Activity:
Output all records exactly, with no images.

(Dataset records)

###

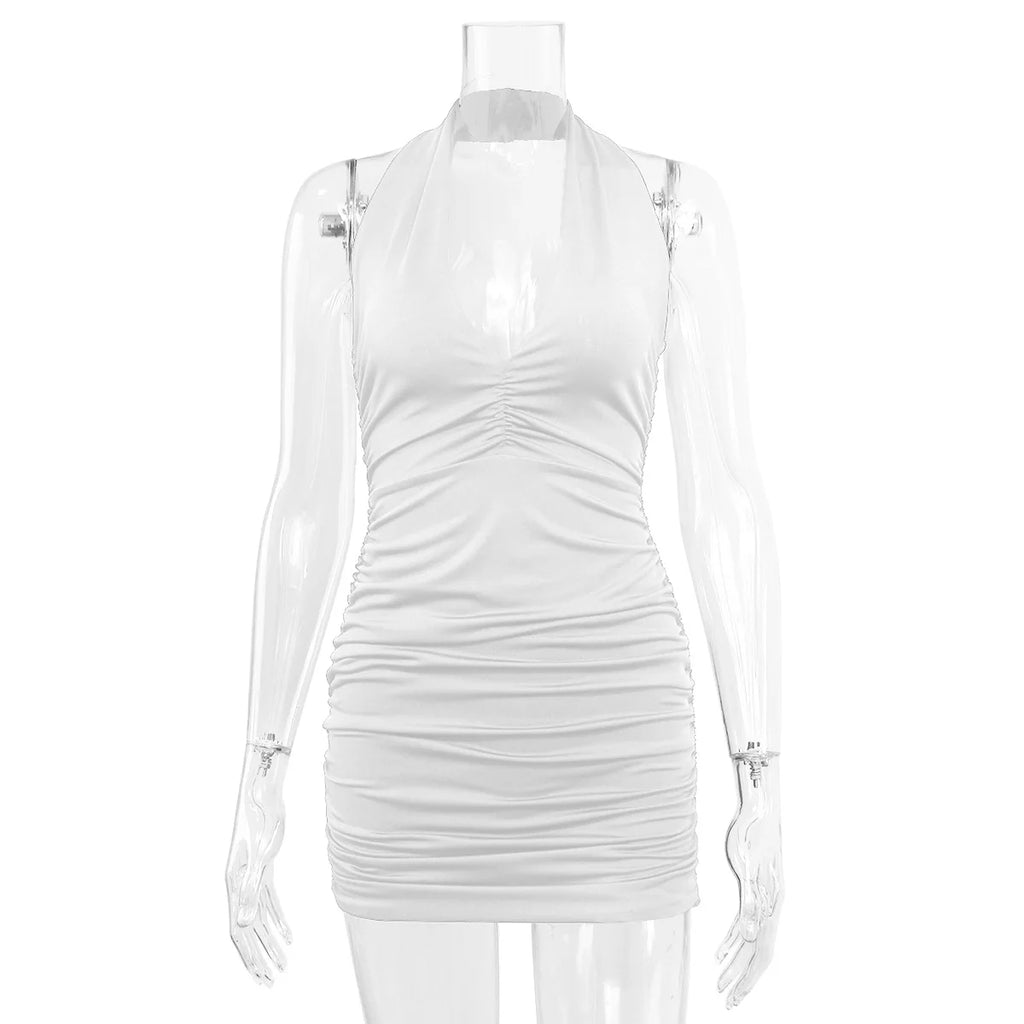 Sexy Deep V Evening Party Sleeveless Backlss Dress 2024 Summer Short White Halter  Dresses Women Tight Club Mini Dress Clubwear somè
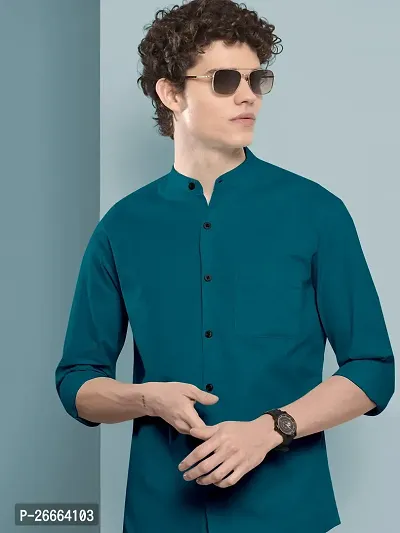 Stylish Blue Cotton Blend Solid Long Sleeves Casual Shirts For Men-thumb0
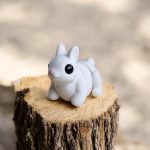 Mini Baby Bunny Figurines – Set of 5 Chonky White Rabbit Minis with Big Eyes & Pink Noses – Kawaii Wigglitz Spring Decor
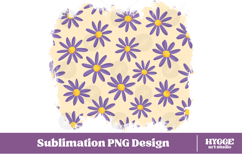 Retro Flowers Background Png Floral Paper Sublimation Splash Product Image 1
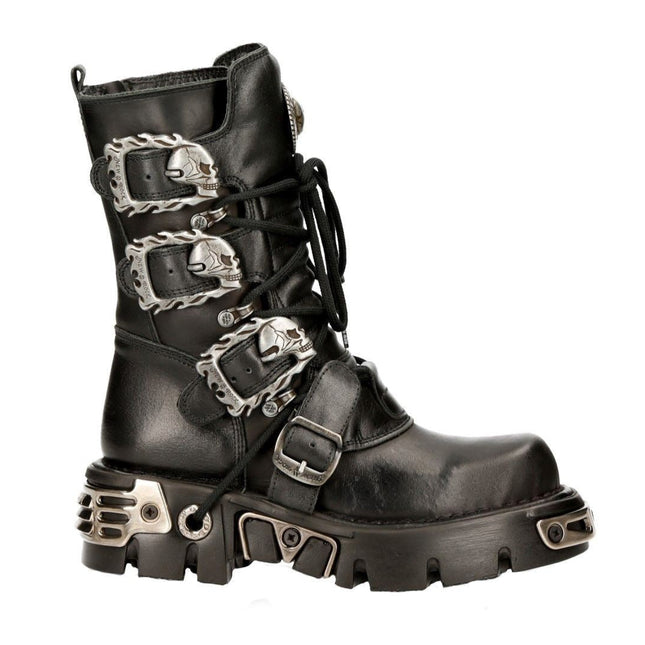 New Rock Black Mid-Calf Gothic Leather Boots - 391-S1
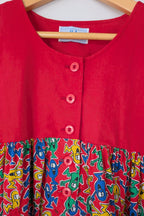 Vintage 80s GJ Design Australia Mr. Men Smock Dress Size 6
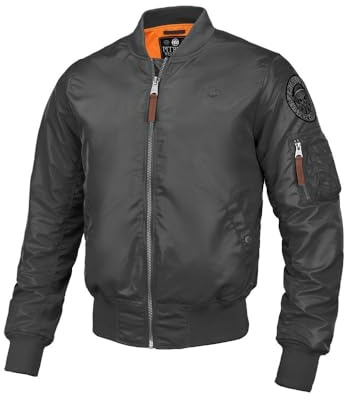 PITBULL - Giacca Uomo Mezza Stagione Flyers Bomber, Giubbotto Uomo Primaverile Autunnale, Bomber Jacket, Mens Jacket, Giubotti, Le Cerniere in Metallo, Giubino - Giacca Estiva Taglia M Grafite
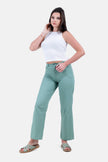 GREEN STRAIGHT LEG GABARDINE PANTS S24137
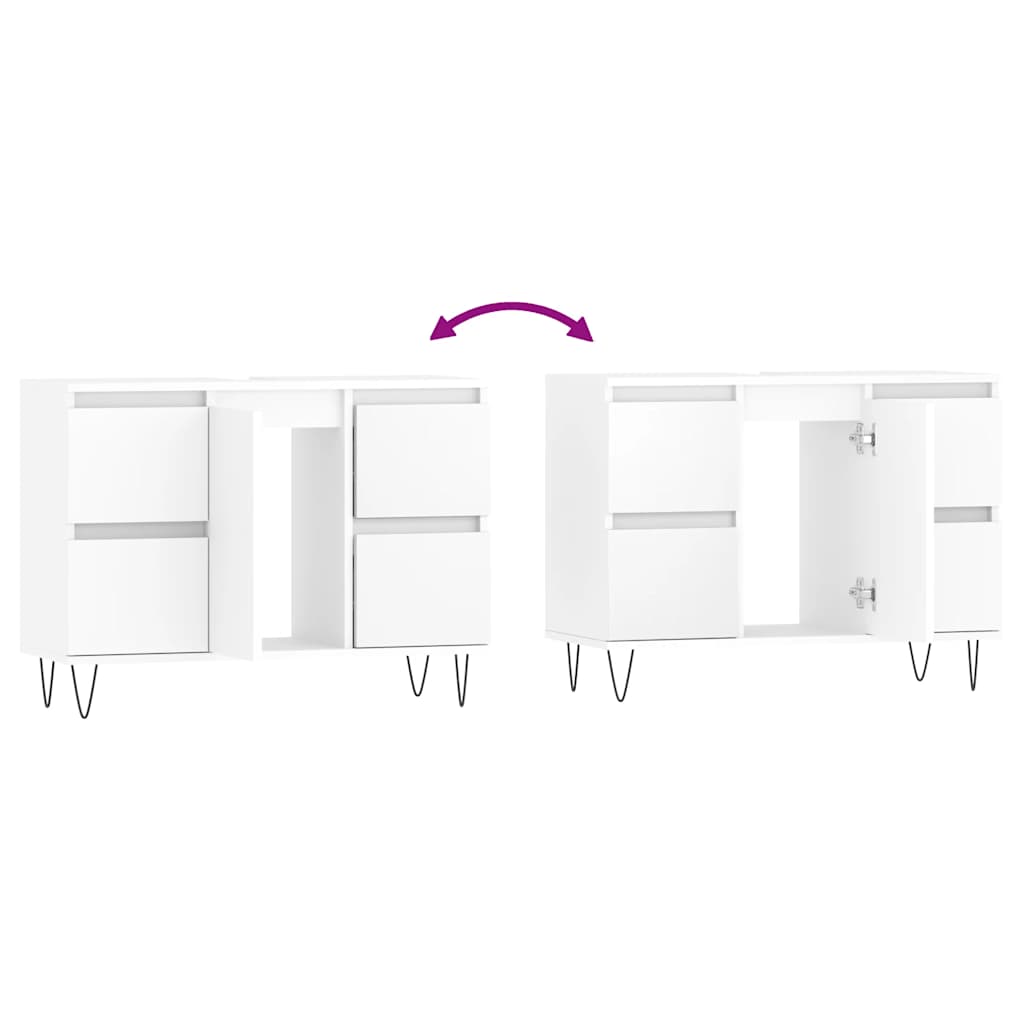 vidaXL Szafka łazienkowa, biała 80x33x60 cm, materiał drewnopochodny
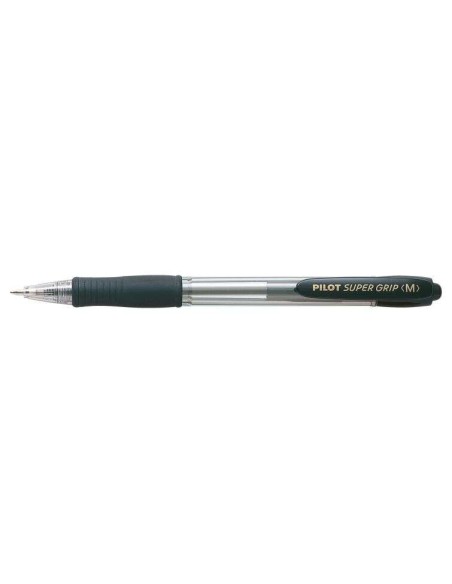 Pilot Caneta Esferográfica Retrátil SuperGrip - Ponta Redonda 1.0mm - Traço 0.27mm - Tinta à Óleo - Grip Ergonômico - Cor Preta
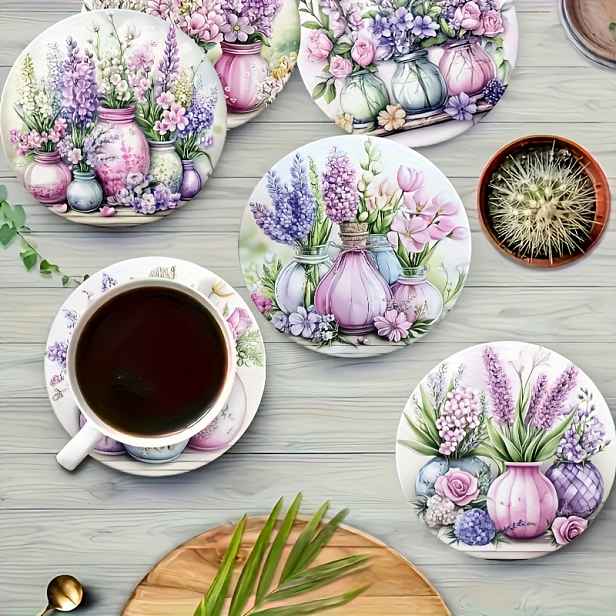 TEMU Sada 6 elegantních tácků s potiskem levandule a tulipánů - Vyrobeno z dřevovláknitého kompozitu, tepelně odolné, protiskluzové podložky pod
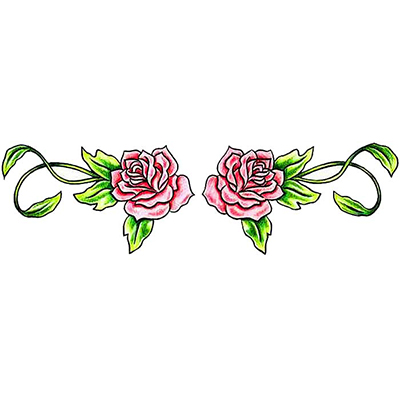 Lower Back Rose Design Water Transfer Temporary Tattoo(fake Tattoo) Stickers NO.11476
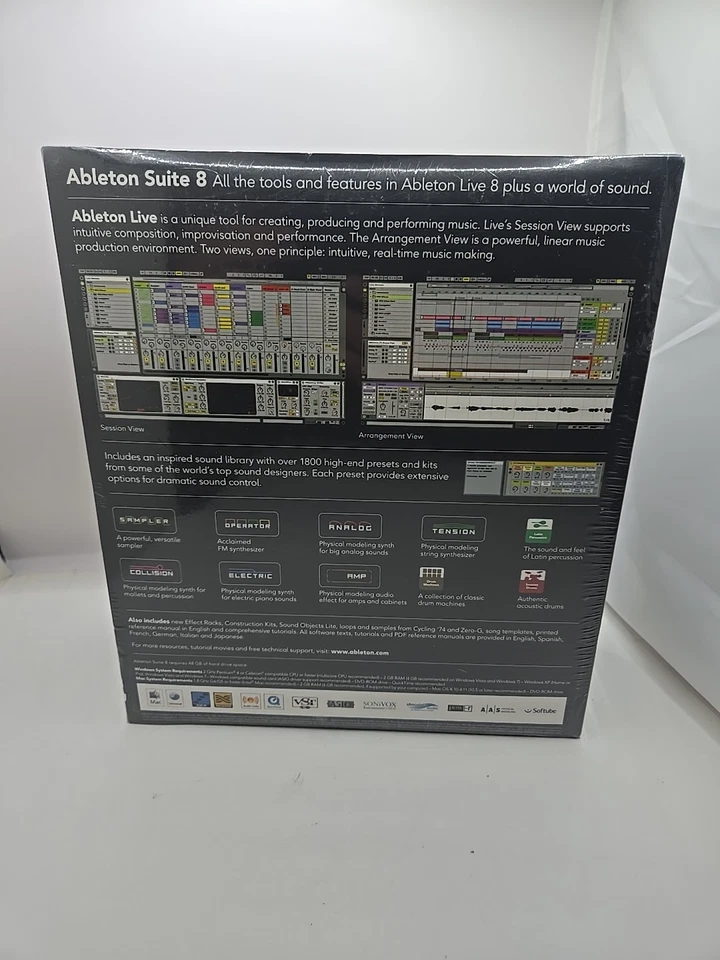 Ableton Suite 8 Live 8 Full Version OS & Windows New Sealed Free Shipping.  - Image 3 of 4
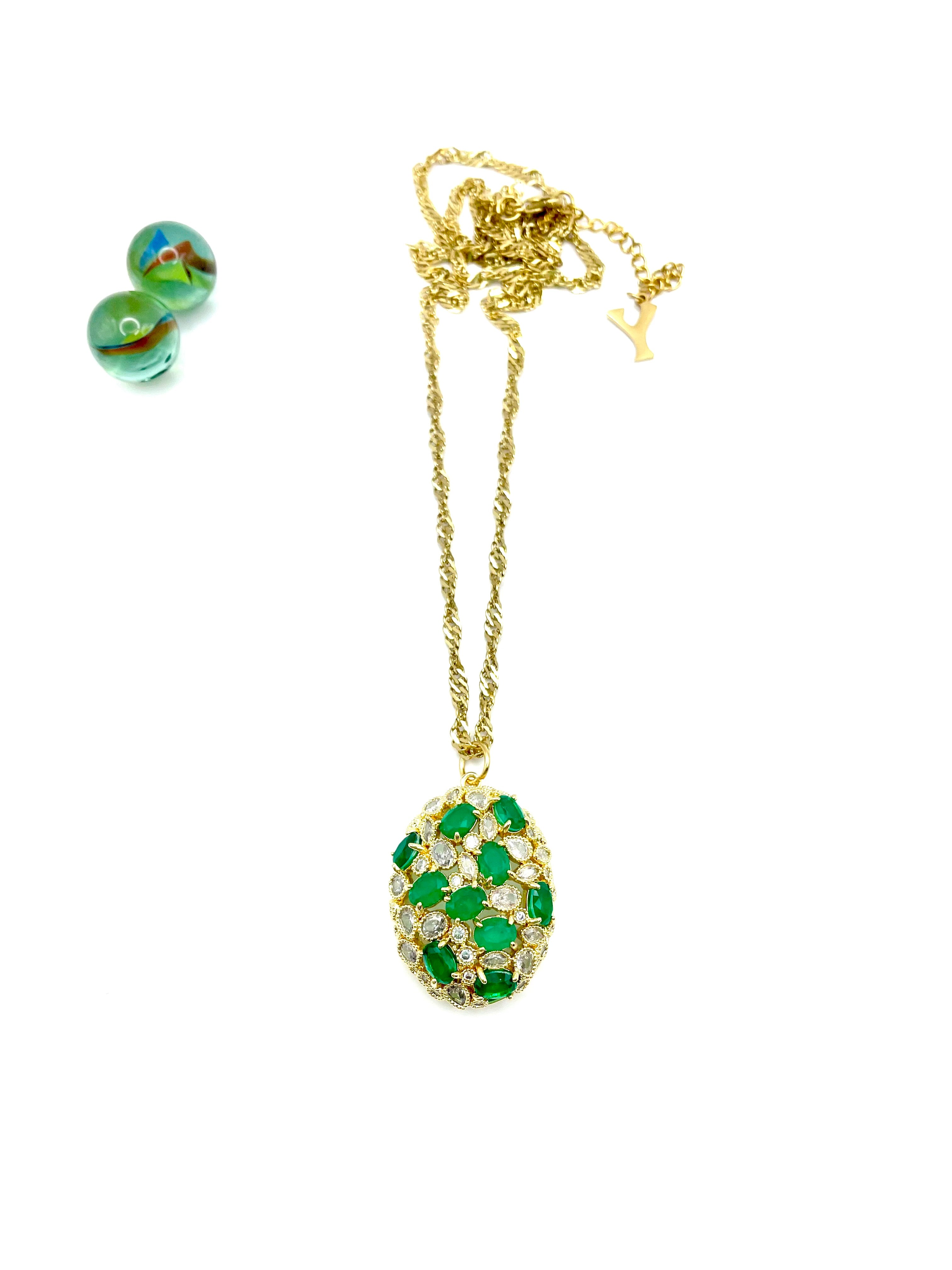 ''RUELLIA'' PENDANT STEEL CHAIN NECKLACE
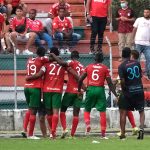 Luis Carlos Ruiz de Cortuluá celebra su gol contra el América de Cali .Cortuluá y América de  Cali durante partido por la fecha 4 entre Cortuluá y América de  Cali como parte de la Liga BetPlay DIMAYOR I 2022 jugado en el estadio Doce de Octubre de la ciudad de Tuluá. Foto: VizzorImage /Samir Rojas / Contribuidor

###

Reply to the exercise:
 Sexy Deep V Evening Party Sleeveless Backlss Dress 2024 Summer Short White Halter  Dresses Women Tight Club Mini Dress Clubwear somè
 Stylish Blue Cotton Blend Solid Long Sleeves Casual Shirts For Men-thumb0
 Mini Baby Bunny Figurines – Set of 5 Chonky White Rabbit Minis with Big Eyes & Pink Noses – Kawaii Wigglitz Spring Decor
 Retro Flowers Background Png Floral Paper Sublimation Splash Product Image 1
 New Rock Black Mid-Calf Gothic Leather Boots - 391-S1
 Vintage 80s GJ Design Australia Mr. Men Smock Dress Size 6
 PITBULL - Giacca Uomo Mezza Stagione Flyers Bomber, Giubbotto Uomo Primaverile Autunnale, Bomber Jacket, Mens Jacket, Giubotti, Le Cerniere in Metallo, Giubino - Giacca Estiva Taglia M Grafite
 GREEN STRAIGHT LEG GABARDINE PANTS S24137
 vidaXL Szafka łazienkowa, biała 80x33x60 cm, materiał drewnopochodny
 Pilot Caneta Esferográfica Retrátil SuperGrip - Ponta Redonda 1.0mm - Traço 0.27mm - Tinta à Óleo - Grip Ergonômico - Cor Preta
 TEMU Sada 6 elegantních tácků s potiskem levandule a tulipánů - Vyrobeno z dřevovláknitého kompozitu, tepelně odolné, protiskluzové podložky pod
 Lower Back Rose Design Water Transfer Temporary Tattoo(fake Tattoo) Stickers NO.11476
 Ableton Suite 8 Live 8 Full Version OS & Windows New Sealed Free Shipping.  - Image 3 of 4
 ''RUELLIA'' PENDANT STEEL CHAIN NECKLACE
 Luis Carlos Ruiz de Cortuluá celebra su gol contra el América de Cali .Cortuluá y América de  Cali durante partido por la fecha 4 entre Cortuluá y América de  Cali como parte de la Liga BetPlay DIMAYOR I 2022 jugado en el estadio Doce de Octubre de la ciudad de Tuluá. Foto: VizzorImage /Samir Rojas / Contribuidor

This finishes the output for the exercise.